Police forces hired more than 4,000 extra officers in the first eight months of the Government's recruitment drive to sign up 20,000 more over the next three years – but only one per cent went to Dyfed-Powys.

The overall provisional headcount of officers in England and Wales is now 133,131, according to Home Office figures to the end of June.

This includes 4,336 hired as part of the 20,000 pledge, the quarterly report on the progress of the scheme said.

The campaign is 72 per cent towards meeting its first year target of 6,000 by March 2021, the Home Office said.

But Dyfed-Powys is among the forces which will receive the fewest new officers, with just 42 to be added to the ranks. Only Warwickshire, where 41 new officers will be appointed, ranks lower.

So far, 89,950 applications to become a police officer have been received since the campaign launched in October.

Overall, 9,327 officers have joined forces since November, with the new recruits from the campaign being on top of those hired to fill existing vacancies or as part of other job adverts.

Boris Johnson vowed to swell the police service to more than 140,000 officers by mid-2022 if he was elected Prime Minister.

Police officer numbers in England and Wales have fallen by more than 20,000 since 2009, with a reduction from 144,353 to 122,395 in 2018.
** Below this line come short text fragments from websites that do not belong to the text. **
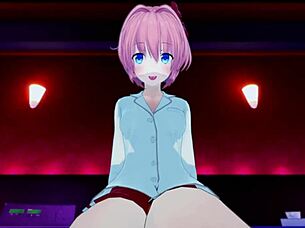 Sayori delivers thighjob and titty fuck bliss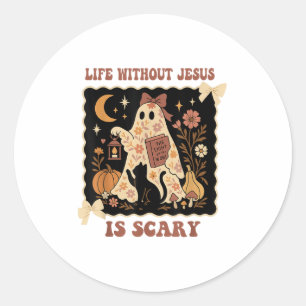 Spooky Life Is Scary Without Jesus Christian Hallo Classic Round Sticker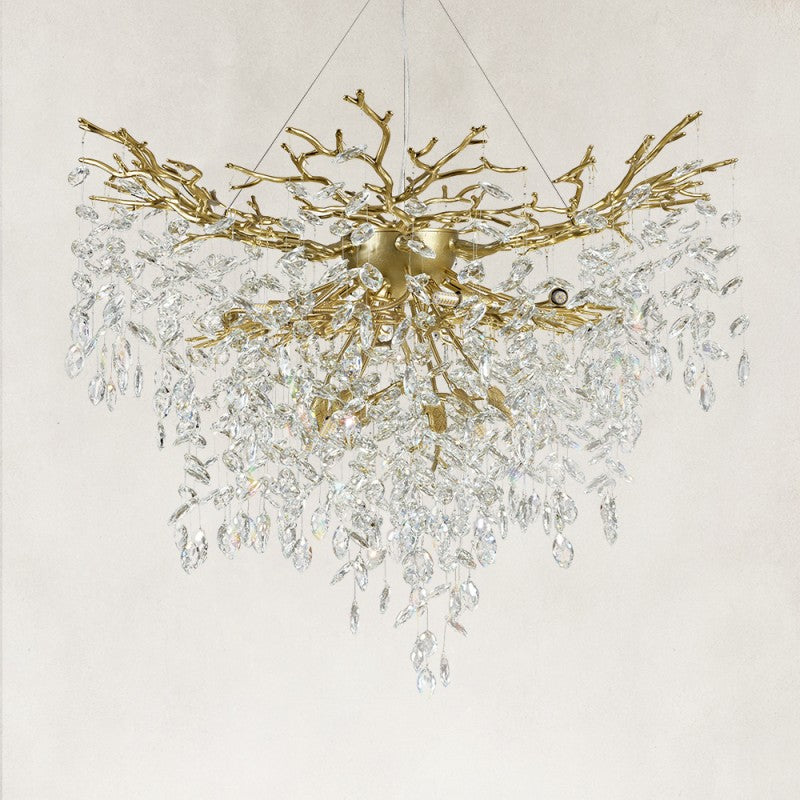 Auro Branch Crystal  Cascade Grand Chandelier 40"D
At the end of March 2020, the police officer headcount was 131,576.

The Home Office pledged to provide £750 million to support the 43 forces to recruit up to 6,000 new officers by the end of 2020/21 as part of the first phase of the roll-out.

This funding would cover all associated costs, including training and kit.

When the recruitment drive was announced, some police chiefs called on the Government to make sure forces received their fair share of resources.

The three forces with the highest recruitment target for the first year are the Metropolitan Police (1,369), West Midlands (366) and Greater Manchester (347).

Online assessment centres were set up in a bid to keep the recruitment drive on track during the coronavirus outbreak when face-to-face meetings had to stop as buildings shut.